How is this handled in your game?
Encumbrance is a part of the game, and buying equipment is both a matter of preparedness and a matter of color. Some characters are the sort to always be prepared for any instance (many Rogues, IME) and will have a large variety of items. Some other characters only need a couple items and are content (some Fighters, some Wizards).

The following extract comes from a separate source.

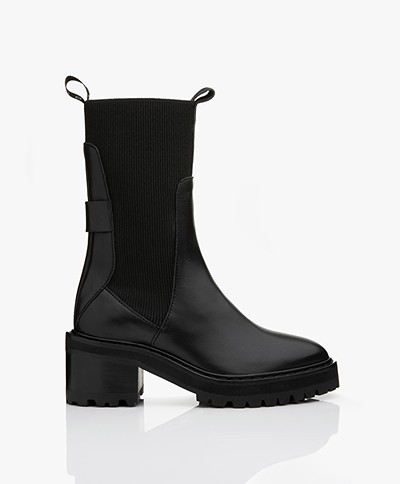 IRO Batna Leather Chelsea Boots - Black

A good adventurer will be able to handle a variety of situations, though that doesn't mean he'll have all the items you can think of. It could mean that he knows that other people have certain bases covered, and that he only has to cover certain other bases. If no one remembered to buy rope, that speaks for the preparedness of the party. Sometimes, you just don't have all the tools for every situation and you have to find other solutions to a problem.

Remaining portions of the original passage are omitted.